Washington now faces one of the quandaries that frequently bedevils foreign policy. U.S. interests require a relationship with Ethiopia, as it is Africa’s second most populous country, a long-time American partner in counterterrorism, a country of great economic potential, and strategically placed in the important East Africa region.
Yet an extended insurgency in Tigray, as is likely, would make nearly hopeless the already daunting task facing Addis Ababa of developing the unity and stability necessary for Ethiopia to be a strong American partner. A long conflict might also attract interference from Sudan and Egypt, whose critical Nile River water supplies are threatened by the filling of the huge dam Ethiopia has built upstream from them. The scale and intensity of the crimes in Tigray also require the U.S. to condemn them if it wishes to remain a credible voice on human rights.

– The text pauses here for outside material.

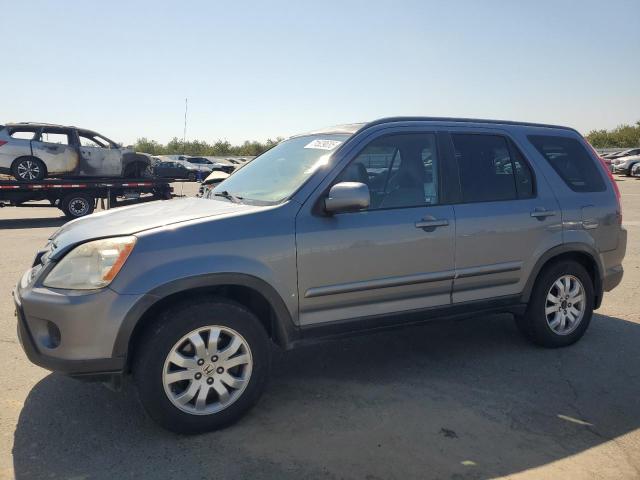  Salvage Honda Crv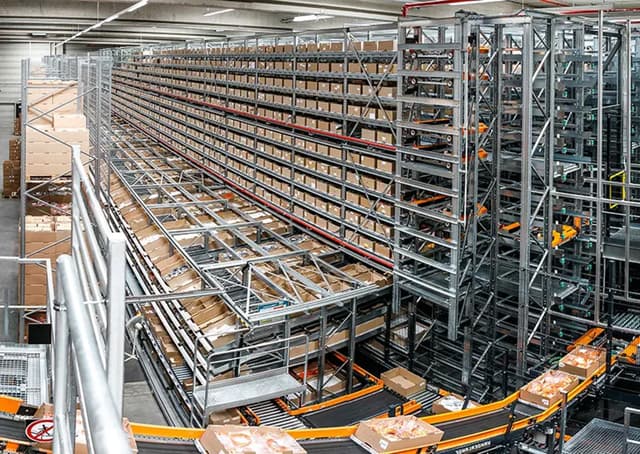 O-Rings, Gaskets & Seals for the Warehousing Industry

Even though the chances for success are slim, Washington should continue making the case, temperately but consistently, to Abiy that a political solution is in his best interests. He does not wish a long war that sucks up resources or to oversee the crack-up of his country, and may become more amenable to negotiation as the fighting prolongs. The primary combatants are mostly Orthodox Christian, which could be an opening for appeals grounded in Christian ethics, though Senator Chris Coons, a Christian himself whom President Joe Biden recently dispatched to Ethiopia to call for negotiations, had limited success in his mission.
The U.S. must also temper its engagements with Addis Ababa with the knowledge that Ethiopia could be reverting to illiberal rule and sustained violent instability. That will require continuously evaluating whether any form of U.S. engagement or aid is being twisted to malign ends, prioritizing assistance for civil society organizations focused on building the rule of law and democracy in the country, and contingency planning for the possibility that Ethiopia is backsliding—whether the general election scheduled for June is free and fair will be an important test of the government’s democratic commitment.
There are no tidy or fully satisfactory solutions available in Ethiopia. The U.S. must hobble along trying to balance its competing interests colliding in this important country in a more sober and warier way from the early days of optimism and fulsome engagement that characterized Abiy’s rise. It is a sad but necessary adjustment.